Butterflies scattered on floors and furnishings, pills and capsules as decorations for wallpaper, or placed in showcases, a skull etched into the wall, zircons under glass, sharks in formaldehyde. The clues are obvious, and lead straight to Damien Hirst. Not in a contemporary art gallery, but in one of the Sky Villas recently opened in the updated Palms Casino Resorts on the Strip in Las Vegas, a private setting (though no longer the only one of its kind) for the display of contemporary art.
In the Empathy Suite, for 100,000 dollars a night (for a minimum of two) you can literally live inside ‘a Damien Hirst.’ The suite of over 800 square meters on two levels not only contains six works by the British celebrity; it has been entirely designed by the artist as an ‘inhabitable summation’ of his oeuvre, done in collaboration with the architects Bentel & Bentel, in charge of the restyling of the six Sky Villas of the iconic hotel, by order of the brothers Frank and Lorenzo Fertitta.
Entrepreneurs and art collectors, the new owners of the Palms have invested 690 million dollars in the total transformation of the property over the last two years, making contemporary one of the key features of the new facility, with pieces – apart from Damien Hirst – by the likes of Jean-Michel Basquiat, Andy Warhol, Adam Parker Smith, Revok, Eric Haze, Scott Hove, Felipe Pantone, James Jean and Timothy Curtis, Dustin Yellin, Takashi Murakami, KAWS.

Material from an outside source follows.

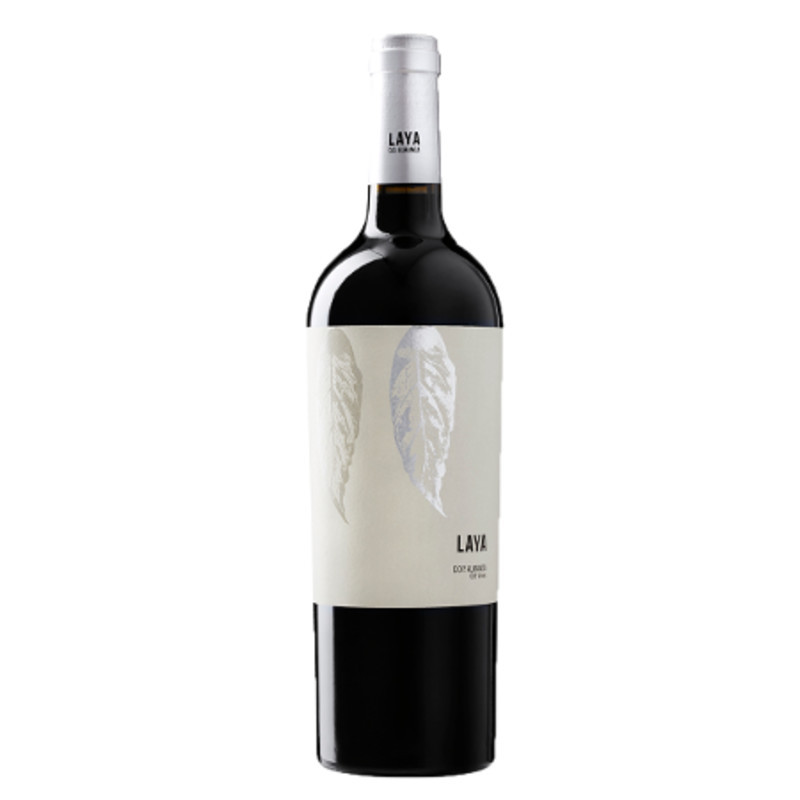 Blackberry, Asian spices and graphite on the oak-spiced nose. Sappy and energetic, with good clarity and depth to its red and dark berry flavors. Features a vanilla note on the smoky, persistent finish.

In the various rooms of the Empathy Suite, which offers guests two master bedrooms, a cantilevered swimming pool with a furnished outdoor area, various lounge zones, a bar for 17 people, a dining room for 8, massage rooms, a fitness room, a screening room and more, six large creations by Hirst have been made for the occasion.
Here for a Good Time, Not a Long Time (2018), two sharks suspended over the bar, Vegas (2018), The Winner Takes It All (2018) and Money (2018), three different vitrines for pharmaceuticals, Winner/Loser, two more sharks in formaldehyde closed in a white case built into a wall, and Casino Royal (2018), a series of panels with butterflies on a monochrome background.
Furthermore, Hirst has scattered traces everywhere, from furniture to fabrics, wallcoverings to columns and the floors of the pool area, surfaces to upholstery. In search of premium empathy – the world’s biggest price tag for a hotel suite.